# Claiming Unemployment Benefit & pregnant



## Rudolph12 (13 Jun 2007)

Hi, I am currently on Unemployment Benefit and job-seeking. I am 25 weeks pregnant and have not yet been successful in finding a job. It is looking likely now that I will probably get a job after baby is born as no-one looking to employ me right now while pregnant. 
I sign on every 4 weeks and just want to know if there is any way they can stop my benefit if they see me pregnant? Also, if I have no luck with finding work, I am due to sign on when baby is due so obviously won't be able to attend so do I just ring them at the time? I am hoping that I can keep claiming UB until I can find work because I am worried that once they know I am expecting, they might cut me off for a couple of weeks after baby is born because I won't fit 'genuinely seeking work' criteria during that stage.

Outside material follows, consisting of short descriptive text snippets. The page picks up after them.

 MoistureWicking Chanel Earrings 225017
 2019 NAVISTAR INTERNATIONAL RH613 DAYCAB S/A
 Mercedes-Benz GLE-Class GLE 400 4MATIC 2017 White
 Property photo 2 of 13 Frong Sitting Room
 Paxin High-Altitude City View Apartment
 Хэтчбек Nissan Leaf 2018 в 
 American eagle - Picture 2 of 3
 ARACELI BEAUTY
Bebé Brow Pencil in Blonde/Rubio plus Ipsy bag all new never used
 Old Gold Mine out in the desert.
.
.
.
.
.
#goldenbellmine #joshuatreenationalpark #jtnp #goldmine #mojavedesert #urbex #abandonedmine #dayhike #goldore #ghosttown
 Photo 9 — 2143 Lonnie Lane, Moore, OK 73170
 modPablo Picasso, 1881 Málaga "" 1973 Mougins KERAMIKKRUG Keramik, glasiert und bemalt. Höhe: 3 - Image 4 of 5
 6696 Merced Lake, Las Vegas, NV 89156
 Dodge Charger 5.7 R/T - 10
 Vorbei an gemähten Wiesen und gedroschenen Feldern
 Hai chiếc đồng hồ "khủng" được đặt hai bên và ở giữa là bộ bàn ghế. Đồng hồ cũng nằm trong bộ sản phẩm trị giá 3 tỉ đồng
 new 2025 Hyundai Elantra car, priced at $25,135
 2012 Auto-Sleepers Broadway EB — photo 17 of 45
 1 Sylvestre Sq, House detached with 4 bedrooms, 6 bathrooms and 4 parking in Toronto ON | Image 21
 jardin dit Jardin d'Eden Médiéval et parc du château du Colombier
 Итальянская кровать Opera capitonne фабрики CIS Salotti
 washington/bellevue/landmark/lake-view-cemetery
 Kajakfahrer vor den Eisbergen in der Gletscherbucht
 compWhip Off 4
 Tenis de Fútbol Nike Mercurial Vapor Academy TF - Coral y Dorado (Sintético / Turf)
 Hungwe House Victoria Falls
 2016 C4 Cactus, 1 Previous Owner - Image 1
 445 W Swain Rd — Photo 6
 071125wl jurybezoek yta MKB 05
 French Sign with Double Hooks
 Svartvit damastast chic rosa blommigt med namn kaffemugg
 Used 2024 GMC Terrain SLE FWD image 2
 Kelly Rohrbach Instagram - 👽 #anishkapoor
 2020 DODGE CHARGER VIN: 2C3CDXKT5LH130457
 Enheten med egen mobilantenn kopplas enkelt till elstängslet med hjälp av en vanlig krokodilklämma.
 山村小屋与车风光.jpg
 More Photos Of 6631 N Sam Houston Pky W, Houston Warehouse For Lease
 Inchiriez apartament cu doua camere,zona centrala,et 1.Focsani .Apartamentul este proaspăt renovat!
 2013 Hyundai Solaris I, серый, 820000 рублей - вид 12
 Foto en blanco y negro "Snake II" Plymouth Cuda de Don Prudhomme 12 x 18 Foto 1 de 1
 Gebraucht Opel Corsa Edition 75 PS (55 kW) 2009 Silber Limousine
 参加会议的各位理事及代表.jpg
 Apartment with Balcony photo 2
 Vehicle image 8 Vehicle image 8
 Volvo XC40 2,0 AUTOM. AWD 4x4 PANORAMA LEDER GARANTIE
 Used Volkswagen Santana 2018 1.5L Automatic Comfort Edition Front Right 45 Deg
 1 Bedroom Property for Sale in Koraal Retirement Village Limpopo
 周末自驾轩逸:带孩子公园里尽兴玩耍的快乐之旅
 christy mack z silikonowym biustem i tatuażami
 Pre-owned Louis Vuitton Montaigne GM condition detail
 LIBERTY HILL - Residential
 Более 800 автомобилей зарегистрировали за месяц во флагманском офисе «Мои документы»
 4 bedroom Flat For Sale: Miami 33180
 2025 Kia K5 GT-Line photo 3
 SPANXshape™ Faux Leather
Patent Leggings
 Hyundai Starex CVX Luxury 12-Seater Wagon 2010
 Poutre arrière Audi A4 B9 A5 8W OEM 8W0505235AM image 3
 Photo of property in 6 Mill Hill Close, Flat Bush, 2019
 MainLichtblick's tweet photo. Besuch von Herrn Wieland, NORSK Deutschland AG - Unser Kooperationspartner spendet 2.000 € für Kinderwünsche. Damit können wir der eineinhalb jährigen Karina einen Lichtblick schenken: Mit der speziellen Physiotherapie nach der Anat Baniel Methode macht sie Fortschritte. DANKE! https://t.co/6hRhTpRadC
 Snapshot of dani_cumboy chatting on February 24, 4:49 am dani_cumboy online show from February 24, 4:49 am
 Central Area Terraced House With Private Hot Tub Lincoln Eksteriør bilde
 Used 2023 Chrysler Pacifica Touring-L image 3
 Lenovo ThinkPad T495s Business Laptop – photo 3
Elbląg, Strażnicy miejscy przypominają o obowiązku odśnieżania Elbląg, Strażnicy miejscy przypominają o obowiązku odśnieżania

If anyone has any advice or info on my query, I would very much appreciate it as the worrying is not good for baby! Thanks so much


----------



## ClubMan (13 Jun 2007)

Rudolph12 said:


> Also, if I have no luck with finding work, I am due to sign on when baby is due so obviously won't be able to attend so do I just ring them at the time?
> 
> I am hoping that I can keep claiming UB until I can find work because I am worried that once they know I am expecting, they might cut me off for a couple of weeks after baby is born because I won't fit 'genuinely seeking work' criteria during that stage.


You cannot legitimately claim _Jobseekers Benefit/Allowance _if you are not genuinely available for work.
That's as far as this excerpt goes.